Task to carry out :: The data that follows is to be copied exactly, with each image removed.

Image-text web data ::
##########

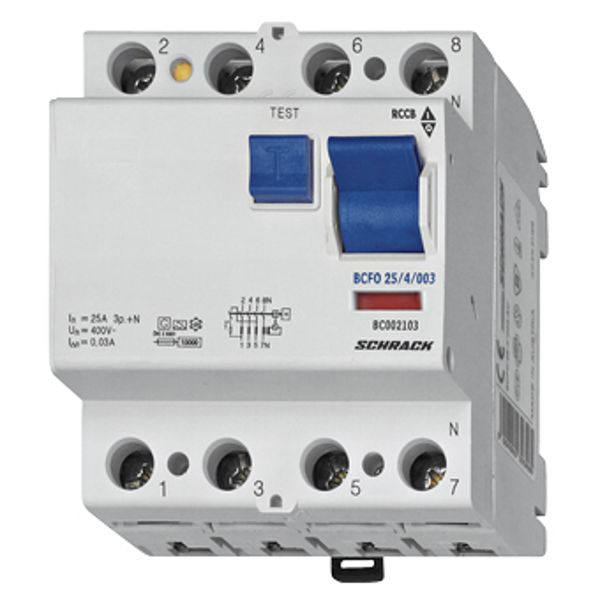 Residual current circuit breaker 80A, 4-pole, 300mA, type AC image 1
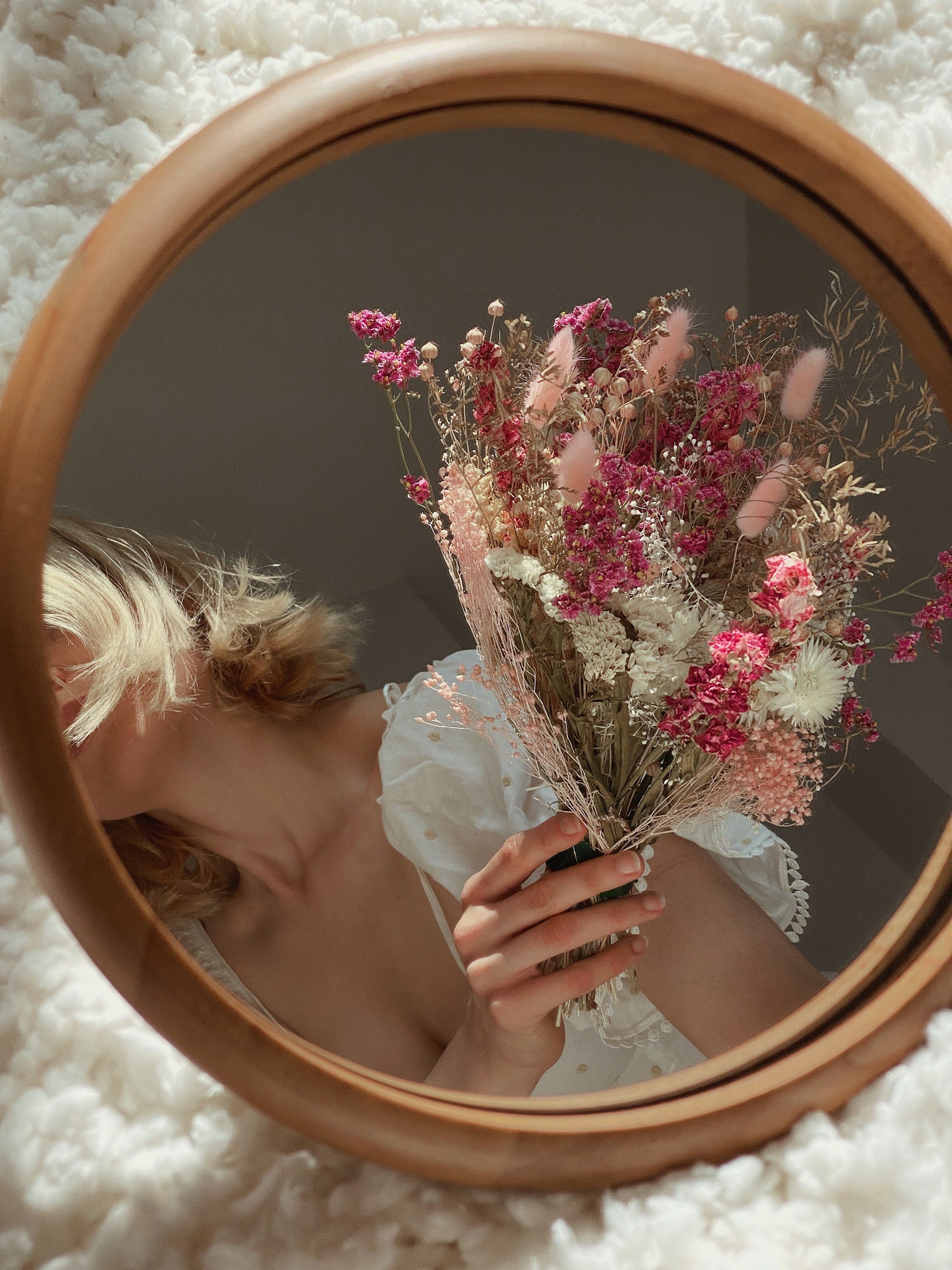 Dried Flowers Vase Arrangement - Baby Pink & Cream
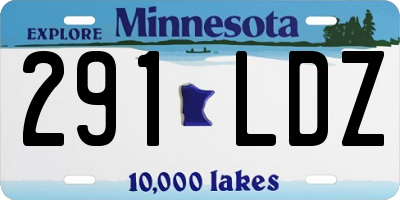 MN license plate 291LDZ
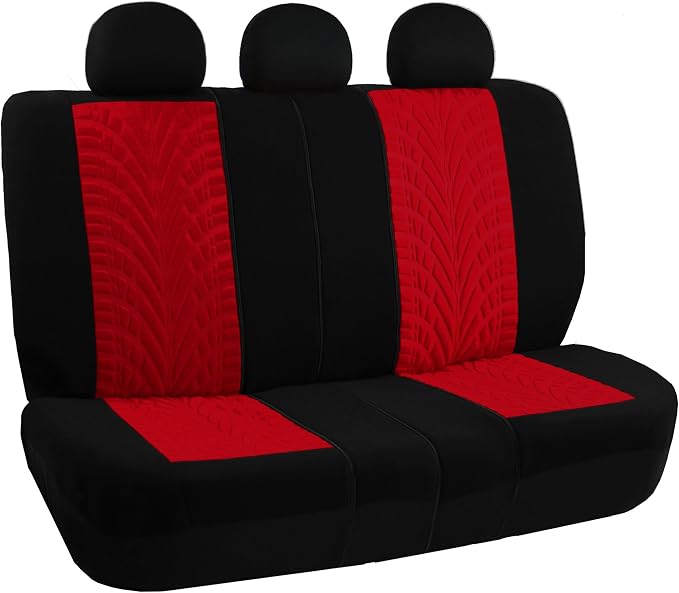 FH Group Full Set Travel Master Car Seat Covers, Airbag and Split Rear Car Seat Cover Universal Fit Interior Accessories for Cars Trucks SUV, Automotive Seat Covers, Red - Image 8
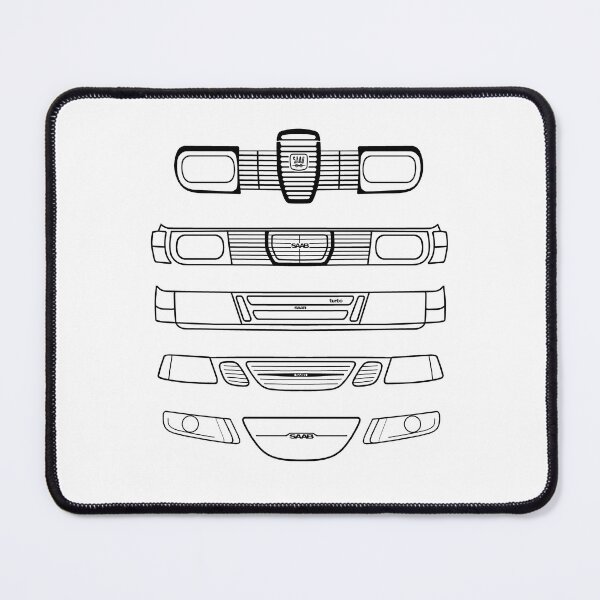 Item preview, Saab evolution classic cars 1960s-2010s black outline graphic designed and sold by soitwouldseem.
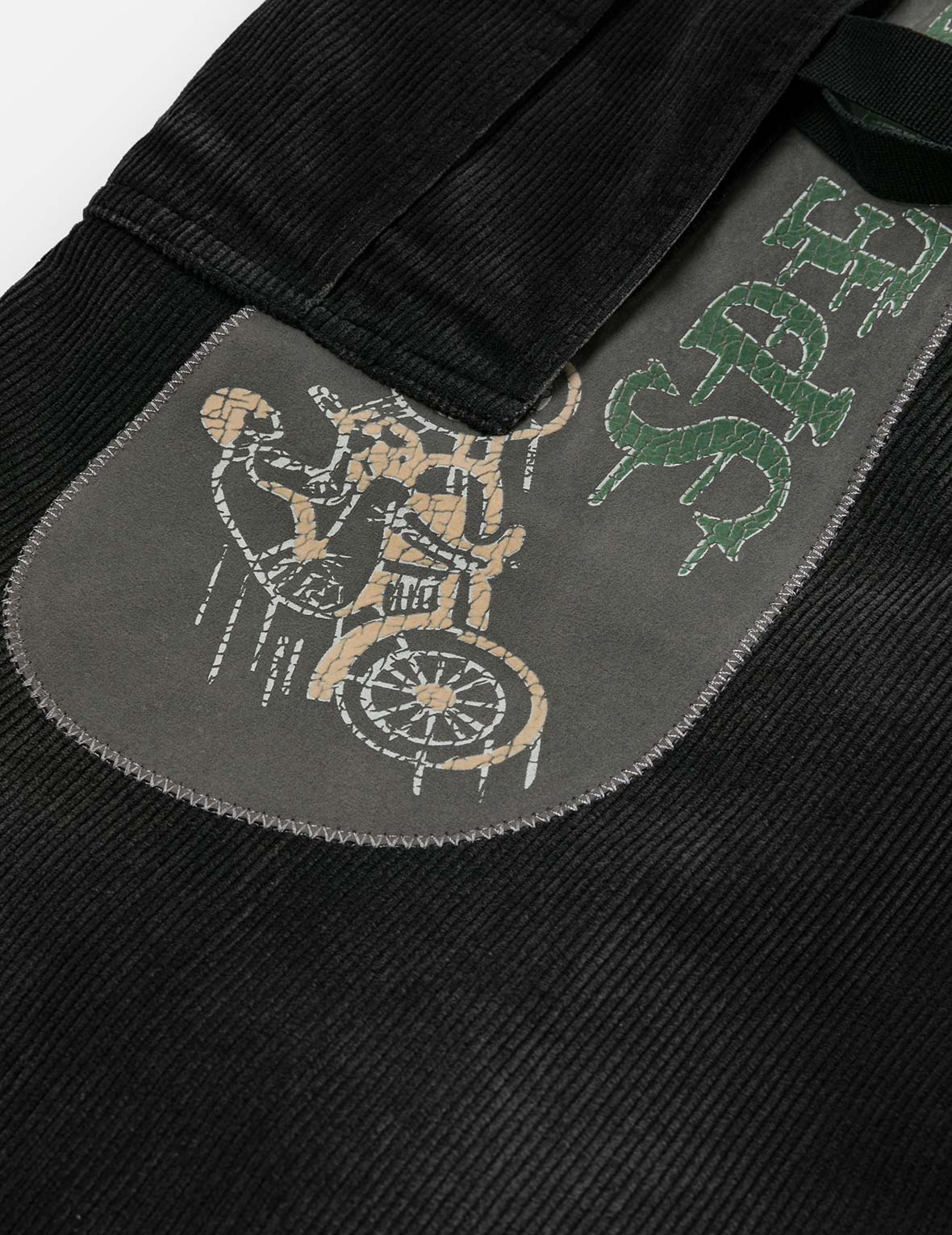 洗水大M刺绣灯芯绒工装阔腿裤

##########

Exercise response ::
 Residual current circuit breaker 80A, 4-pole, 300mA, type AC image 1
 Dried Flowers Vase Arrangement - Baby Pink & Cream
 MN license plate 291LDZ
 FH Group Full Set Travel Master Car Seat Covers, Airbag and Split Rear Car Seat Cover Universal Fit Interior Accessories for Cars Trucks SUV, Automotive Seat Covers, Red - Image 8
 Item preview, Saab evolution classic cars 1960s-2010s black outline graphic designed and sold by soitwouldseem.
 洗水大M刺绣灯芯绒工装阔腿裤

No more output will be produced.